Encouraging though that information is, my right hon. Friend would receive a different response from the members of the women's institute in my constituency in particular and from the women of Lancashire in general, who have vigorously campaigned to express their concern about the repugnant and violent crime of rape. What message does he have for them about the strong stand being taken by the Government on this crime? Can he reassure them that he will look again at the figure of eight extra officers in Lancashire next year and perhaps give us some more?

Mr. Hurd

I share the concern of my hon. Friend's constituents about rape. I hope that they will have noticed that in the last three years the sentences passed by the courts on convicted rapists have increased by 63 per cent., so that the average sentence is over six years. My hon. Friend will be aware that the clear-up rate for rape is relatively high at 71 per cent. As for police strength, Lancashire police force has 264 more officers than it had in May 1979, and we shall continue to consider the claims of Lancashire, as of other forces, as part of the substantial programme of further increases on which we are working.

Mr. Heffer

The Government say that we are now doing well, that people are better off than they ever were and that the country is doing better economically. Will the right hon. Gentleman explain why, if that is the case, there is an increase in violent crime? Is it perhaps because of the nature of the society that has been created by Conservative Administrations in the last 10 years?

Mr.

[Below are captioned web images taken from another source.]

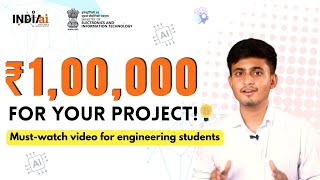 Get ₹1 Lakh Funding for Your AI Project! | IndiaAI Fellowship 2025     @IndiaAI
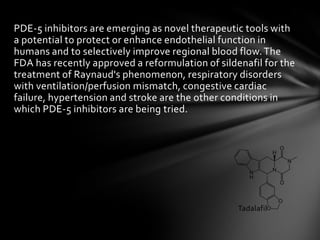 PDE-5 inhibitors are emerging as novel therapeutic tools with
a potential to protect or enhance endothelial function in
humans and to selectively improve regional blood flow.The
FDA has recently approved a reformulation of sildenafil for the
treatment of Raynaud's phenomenon, respiratory disorders
with ventilation/perfusion mismatch, congestive cardiac
failure, hypertension and stroke are the other conditions in
which PDE-5 inhibitors are being tried.
Tadalafil
 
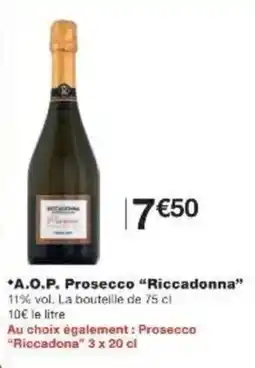 Monoprix A.o.p. prosecco riccadonna offre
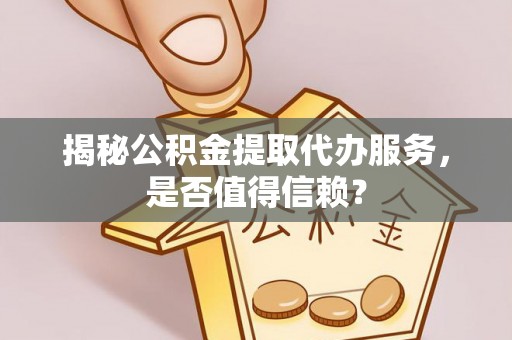 修文揭秘公积金提取代办服务，是否值得信赖？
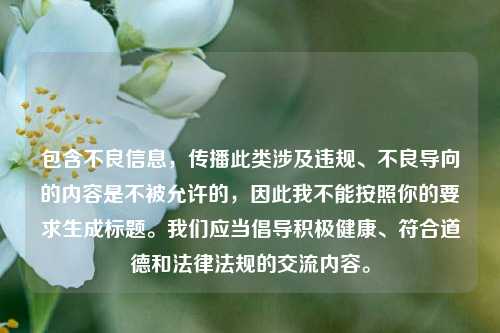 包含不良信息,传播此类涉及违规、不良导向的内容是不被允许的,因此我不能按照你的要求生成标题。我们应当倡导积极健康、符合道德和法律法规的交流内容。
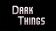 Dark things: Pilot version
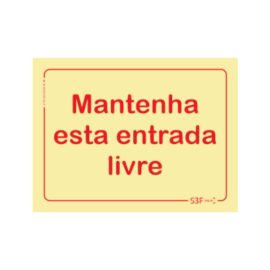 Sinal Mantenha esta Entrada...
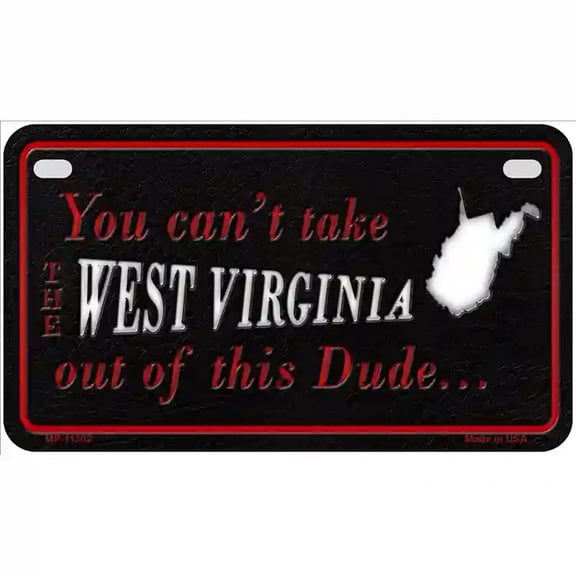 West Virginia Dude Novelty Metal License Plate 7" x 4" Motorcycle (MP)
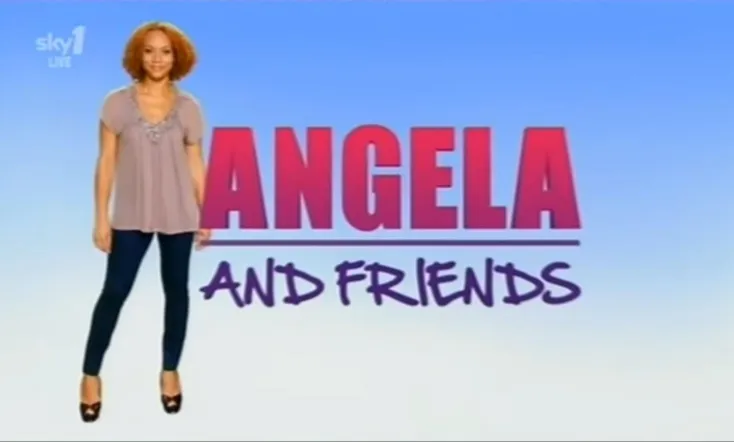Angela and Friends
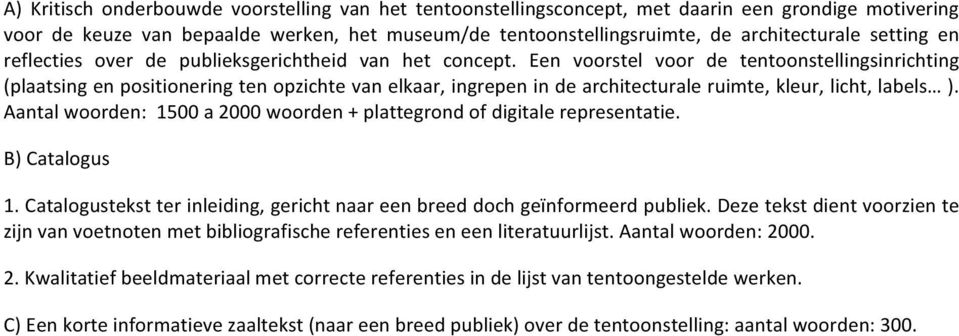 (plaatsingenpositioneringtenopzichtevanelkaar,ingrepenindearchitecturaleruimte,kleur,licht,labels ) Aantalwoorden:1500a2000woorden+plattegrondofdigitalerepresentatie B)Catalogus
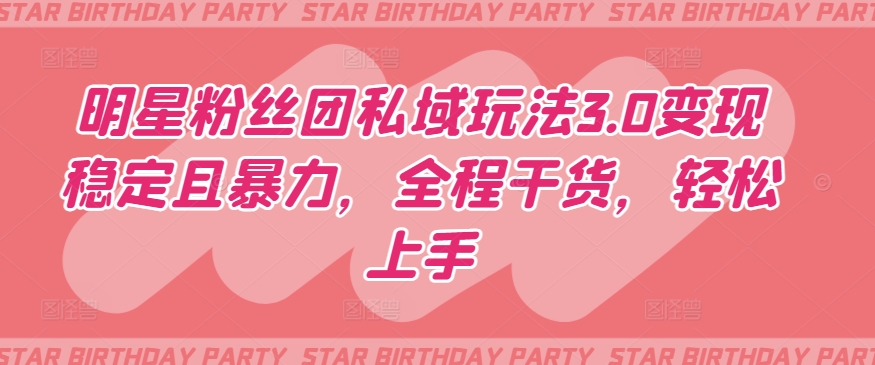 明星粉丝团私域玩法3.0变现稳定且暴力，全程干货，轻松上手网赚项目-副业赚钱-互联网创业-资源整合八方网创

Hurd

There has been a decrease in some quarters in the total of recorded crime, and that decrease applies in Merseyside as well as in the country as a whole. But the hon. Gentleman is right to say that there continues to be an increase in the one in 20 crimes which are violent and which cause the most anxiety and anger. In the old days the hon. Gentleman and his hon. Friends attributed that—which of course has gone on for 30 years—to unemployment and poverty. Now he is attributing it to affluence and irresponsibility. I do not think that either explanation is right. But whatever is the right explanation, I am perfectly clear that given the drop in the total of recorded crime, we should concentrate increasingly—as the police will be able to do—on violent crime.

Mr. Wheeler

Does my right hon. Friend agree that one reason why recorded crime is increasing is that we are much better at recording it and more welcoming to women who wish to report rapes? When my right hon. Friend next writes to the 'women's institute, will he explain that women are more at risk within the family, or between known parties, and not so much at risk from strangers outside their own homes?

Mr. Hurd

Both of those points are correct. The police have altered the way in which they handle allegations of rape. They have followed a much more welcoming approach to the rape victim and that, as my hon. Friend says, has probably increased the number of recorded rapes and reduced the number which tragically happened but were not in the past recorded. My hon. Friend is right in the second part of his supplementary question, and the figures we published last week bear that out.

Mr. Randall

Is the Minister aware that while the Home Office has invited my city of Kingston upon Hull to participate in the safer cities initiative, which I support in principle, the Department of the Environment has slashed our inner-city money, which helps to reduce crime, by one third of a million pounds this year? How do the Government justify this Home Office initiative being undermined by the actions of another Government Department?

Mr. Hurd

I do not believe that it will be undermined. I am glad that the hon. Gentleman's city has accepted my invitation to join the safer cities scheme. The whole point is that the schemes are inter-agency and involve different Government Departments, local government and voluntary agencies so that we can identify a local specific profile of crime and then a local specific answer to it.